Relying on the rapid influenza test may not be your best bet
For some, the holiday season brings the joy of cooler temperatures, peppermint mochas and kindling fires. But for nurse practitioners, the time of year also means the loom and doom of the dreaded influenza season.
A common method for diagnosis of the flu is based on a combination of assessing a patient’s symptoms and performing a flu test. Testing for the flu can be done via a laboratory diagnostic test or a rapid influenza diagnostic test (RIDT).
While laboratory diagnostic tests are 85 – 100% accurate, results can take up to two days to be produced and often require the patient to visit a diagnostic facility; further delaying treatment of the patient and increasing the risk for the virus spreading to others. In addition, these tests are typically only used to help public health officials determine what strains of influenza are circulating and are not generally used to diagnose and determine treatment options for patients because of the length of time required for results.
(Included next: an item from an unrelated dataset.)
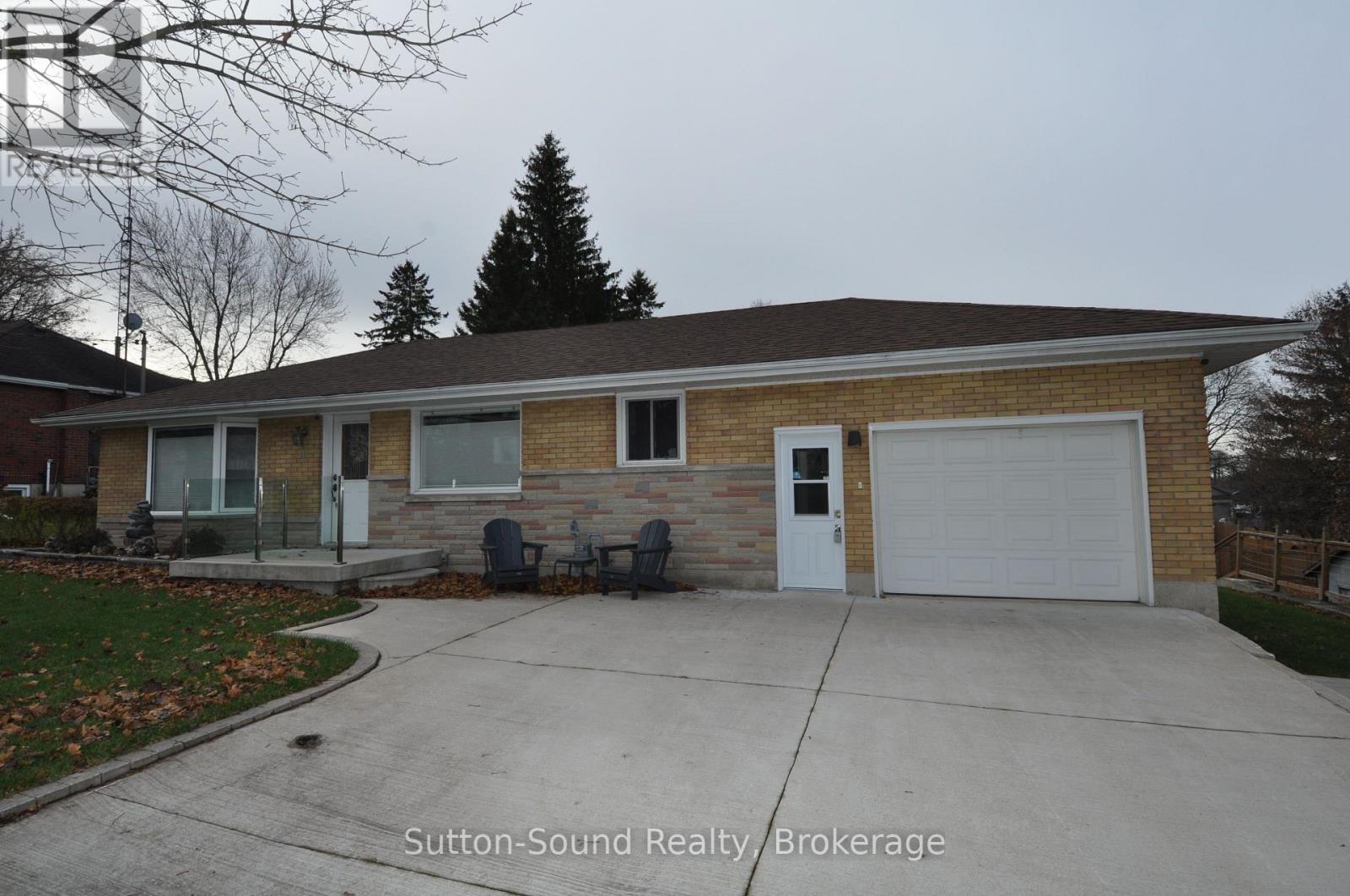 10 BROWNLEE STREET S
RIDTs, however, are first-line tests that have been approved by the CDC to be used in point-of-care settings. Known for producing quick results in 15 minutes or less with a simple nasal or throat culture from the patient, decisions regarding antiviral therapy, antibiotics and additional testing can be made within minutes of a RIDT, long before results from laboratory diagnostic tests become available. Unfortunately, though convenient, RIDT accuracy varies from 50 – 70%; meaning that in up to half of influenza cases, the swab results give false negatives. It should also be noted that sensitivity of the RIDT is higher in children, between 90% and 95% as they shed more of the influenza virus.
Contributing factors such as the level of influenza activity in a community play a major part in RIDT accuracy. For example, when influenza prevalence is low, such as at the beginning or the end of flu season, the test has a tendency to produce a false positive. But when there is a heavy outbreak of the flu, such as at the height of flu season, the results tend to sway in giving false negatives. Other factors such as using swabs that did not come with the test kit or improper storage or prolonged storage before specimens are tested can also contribute to inaccuracies.
Although far from perfect, RIDTs can still supplement your judgment in treating patients with flu-like symptoms and a diagnosis of influenza can be confidently made when the RIDT is positive; as although though false negatives are frequent, a positive test is unlikely to be a false-positive.
So if your patient presents with typical flu-like symptoms during the peak of the season, bear in mind that a negative test result does not exclude the diagnosis of influenza. Using your best clinical judgment is likely inferior in accuracy compared to RIDTs, and antiviral treatment should be started without hesitation. A negative RIDT can always be confirmed by a traditional diagnostic test.